令和3年7月13日 東京・内幸町イイノホール

「国基研 日本研究賞」は、このたび第八回目の授賞式を迎えることができました。「日本研究賞」にトシ・ヨシハラ氏、「日本研究特別賞」には李宇衍氏、メディアウォッチ(代表理事、黄意元氏)が選ばれました。しかし、新型コロナの四回目の緊急事態宣言下にあるため、授賞式並びに記念講演会は、残念ながらオンライン開催となり、やむなく関係者のみの出席となりました。日頃変わらぬご支援、ご後援をいただいている会員のみなさまに心より御礼申し上げます。

国基研 日本研究賞を受賞した『中国海軍vs.海上自衛隊』(右)
同 特別賞の対象となった『でっちあげの徴用工問題』韓国語翻訳本(左)

第八回「国基研 日本研究賞」授賞式は、第一部を東京とアメリカ東海岸のヴァージニア、第二部では東京と韓国のソウルをそれぞれオンラインで結び、黒澤聖二国基研事務局長の総合司会で行われた。

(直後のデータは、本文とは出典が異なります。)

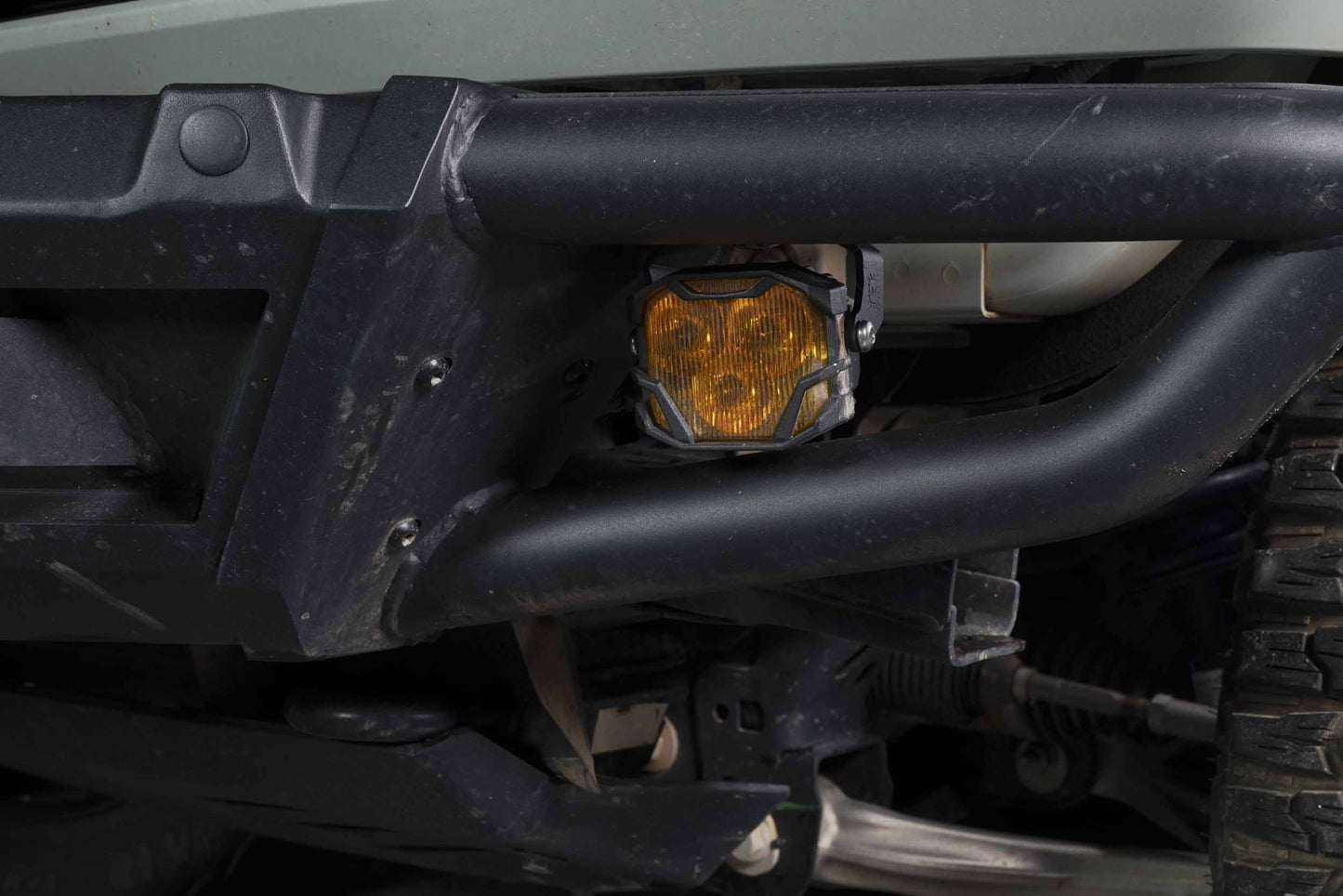 Morimoto 4Banger Mounts: Top (Pair) - Brackets - Morimoto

トシ・ヨシハラ氏への「日本研究賞」表彰にあたって、選考委員長でもある櫻井よしこ国基研理事長がお祝いの言葉を述べた。

「日本研究賞は今年で八回目です。我が国の事情を良きにつけ、悪しきにつけしっかり見ていただいて、日本に関係する優れた著作に賞を与えるというものであります。この賞によって少しでも海外における日本理解が進むことを私たちは切望してまいりました。

そして今日の主役はドクター・トシ・ヨシハラでいらっしゃいます。トシと呼ばせていただきたいと思いますけれども、トシさんのこれまでの研究、そして著作に私はこの賞の決まる前から大変な関心を持ち、多くの尊敬の念を抱いてまいりました。

ご著作である『太平洋の赤い星』以来、トシは本当に中国軍の動向に類例のない非常に詳しい分析をなさってきました。それは私たち日本人にとって本当によい勉強材料となりました。受賞作の『中国海軍 vs. 海上自衛隊』を『太平洋の赤い星』の延長線上でとらえてみますと、事態がさらに厳しくなっているということを具体例を通して見せてくれました。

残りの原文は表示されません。